まず指摘したいのは「必ずしも三段階説のステップでマネロンが行われるわけではない」ということだ。

 

【マネロン三段階説】(定説)

(1)プレイスメント(Placement):犯罪収益を金融システムに組み込む段階。

(2)レイヤーリング(Layering):資金の出所を不明瞭化する段階。

(3)インテグレイション(Integration):資金を合法的な経済活動に投入する段階。

 

定説によれば、マネー・ロンダリングは(1)→(2)→(3)の三段階を経て遂行されるが、現実にはいきなり(3)インテグレイションが行われ、その後に(1)と(2)が行われる、といった場合もある。

 

例えばこうだ。不動産など高額な取引でも未だ現金で決済されることがある。特殊詐欺で稼いだ現金(札束)を持参して代金を決済しようとしても不自然ではあるが相手によっては通らない話ではないと思われる。持参した現金の出所を上手く誤魔化したうえで物件を購入できれば、それでインテグレイションが完了する。そして取得した物件を「事情を知らない買主」に売却し、その代金を銀行口座に振り込んでもらう(プレイスメント)。その後、複雑化するためにその口座から別の口座へ資金を移転していく(レイヤーリング)。
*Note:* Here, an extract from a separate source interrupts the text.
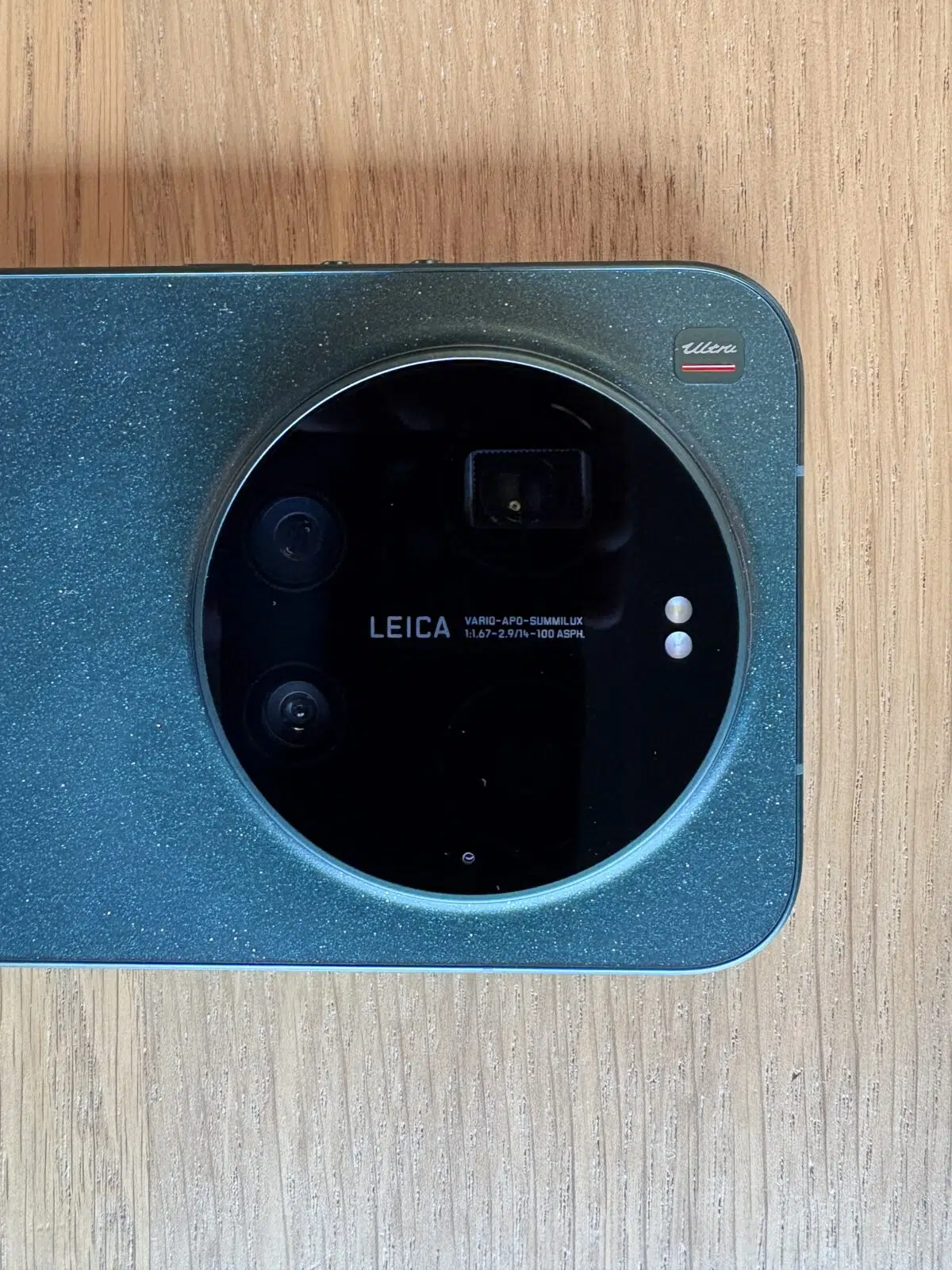 xiaomi 17 ultra kamera close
つまり、定説とは異なり、(3)→(1)→(2)の順でマネー・ロンダリングが遂行されていくパターンも往々にしてあるということだ。

 

ここで我々事業者が避けたいのは「事情を知らない買主」としてマネー・ロンダリング(プレイスメント)に加担してしまうことだ。

 

「三段階説」によれば、プレイスメントとはマネロンの「第一段階」として銀行などの金融システムに犯罪収益を組み込むことである。そうであれば、プレイスメントには一般事業者は無関係であり、専ら銀行等だけが気を付ければよい、ということになる。しかし、そうではなく、我々の商取引に係る「購入代金の支払い(銀行振込)」という行為によって、結果として犯罪収益が金融システムに組み込まれてしまうこともあり得るということに留意したい。つまり、三段階説を鵜呑みにしてはならない、ということだ。

 

マネー・ロンダラー(資金洗浄する人)は、現金決済によりモノを入手済みである(商取引によりインテグレイション済)。そのモノを我々が購入し対価の支払いとして相手の口座に銀行振込を行うことで、マネロン過程において最大の難関である「プレイスメント」に(意図せず)加担してしまうことになる。

 

こうした失敗を回避するためにも、不動産等の高額なモノを購入するのであれば、相手(売主)がそもそも何故その物件を入手できたのか?その資力に着眼してチェックを行うことが肝要である。事業実態や業績・財務面なども含めたチェックを怠ってはならない。自社が「買う側」だからといって相手の資力チェックを怠るのは「駄目な与信管理」の典型であるが、コンプラ・チェックも同じである。自社が支払いをする側であっても、マネロンに関与してしまうリスクがあると用心することが重要だ。

 

このようにコンプラ・チェックの際には「三段階説」が想定しない「変化球」があることを十分に留意しておきたい。この警戒心が緩むとチェックが甘くなりマネー・ロンダラーを利してしまうことになりかねない。自社が「マネロン加担会社」と揶揄され、警戒されることになりかねない。

 

コンプラ・チェックにおいては、理論(三段階説)を頭の片隅に置きつつも、それに拘泥せず、「不自然さ」や「違和感」を感じ取ろうとする姿勢が最も重要だと思われる。